Highlight the gradient layer and click the mask button at the bottom of the layer’s panel.
Right-click on the mask and choose Apply Layer Mask to merge the mask onto the gradient layer.
You’ll end up with this.
Step 4: Put the Shadow Behind the Object
Remember that the top layer shows first. To put the shadow under the flower where it belongs, click on the gradient and drag it down until the blue line appears under the flower layer and release.
Step 5: Transform the Shadow
Now we need to put the shadow down where it belongs. Press Ctrl + T or Command + T to activate the transform tool. Click and drag the reference point in the center of the selection to the point where the flower stem meets the ground.

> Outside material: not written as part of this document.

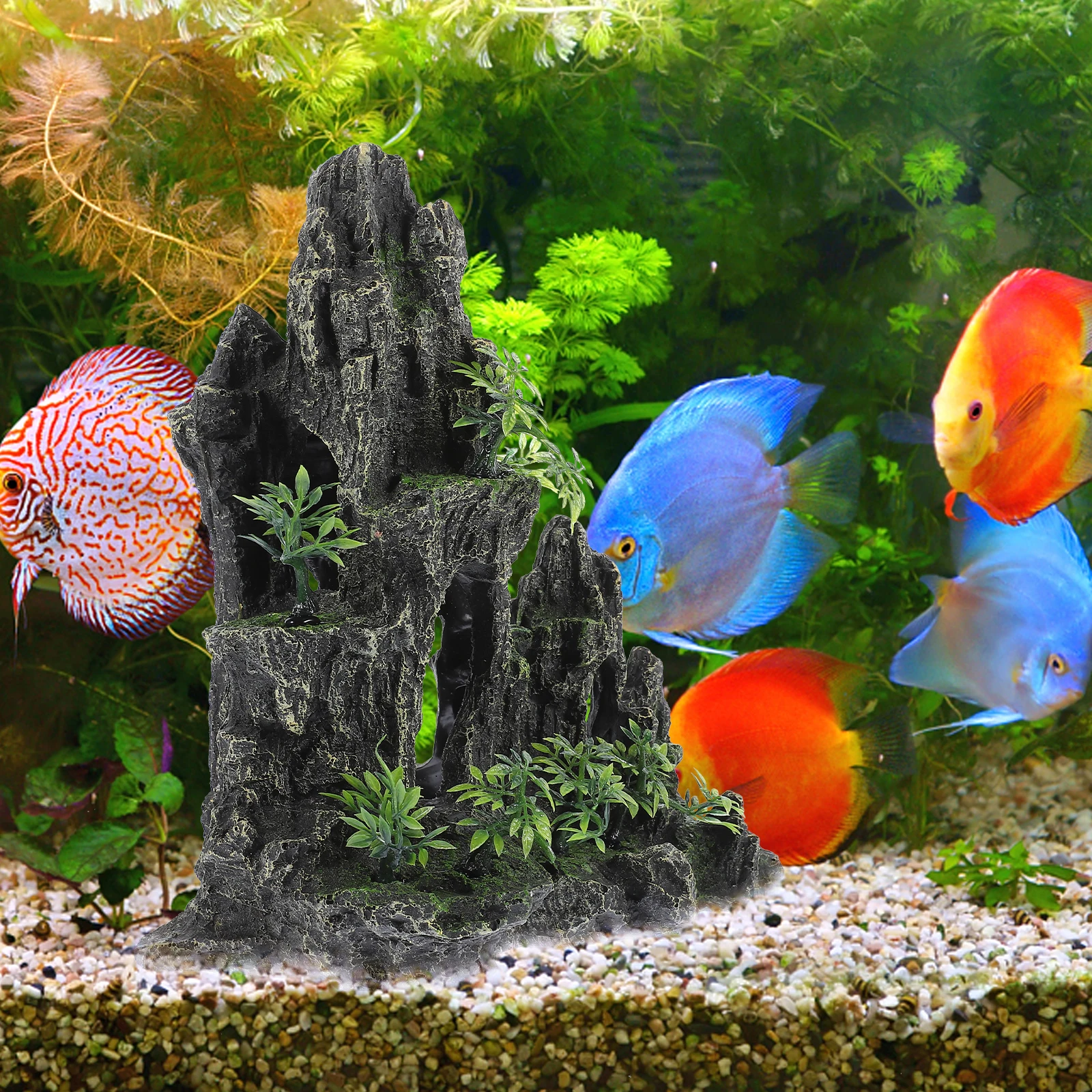 

Artificial Hill Statue Aquarium Resin Decorations Fish Tank L scaping Decor Rockery namentPet Supplies Lightweight Compact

If your reference point is missing, check this box in the toolbar.
Click and rotate the image to lay the shadow on the ground.
Step 6: Warp the Shadow
Transform keeps things too uniform, as you can see. Now we need to warp the shadow.
Go to Edit, and hover over Transform to see your warping options.
The Perspective option allows us to elongate the flower (or shorten it, depending on the perspective needed for your light source).
Warp lets us flatten down that backside a bit to account for the direction of the light.
Feel free to play around with the other options as needed to get your shadow where you need it.
Step 7: Blur It!
Shadows are not tack sharp like we’re seeing here. If you want to add more realism, we need to blur the edges.
We could do this by adding a Gaussian blur filter, but that will uniformly blur the entire shadow. We need something that allows us to blur it more as it gets farther away.
Go to Filter, Blur, and choose Field Blur.
The field blur allows you to drop pins at various points throughout your selection. Then you can spin the dial and choose your blur level.
Wow, we are almost there!
Step 8: Adjust the Opacity
Now let’s adjust the strength of the shadow. This will depend on the lighting in your image. Since we’ve got a beach image here, the light is fairly strong. I think I’m going to dial it back a tiny bit though.
Do this easily by adjusting the opacity of the layer.
Look at that! So much better than the floating flower at the beginning!
There are a lot of steps in this tutorial, but don’t worry. You’ll find that once you add a shadow a few times, you’ll get the hang of it and it goes pretty quickly.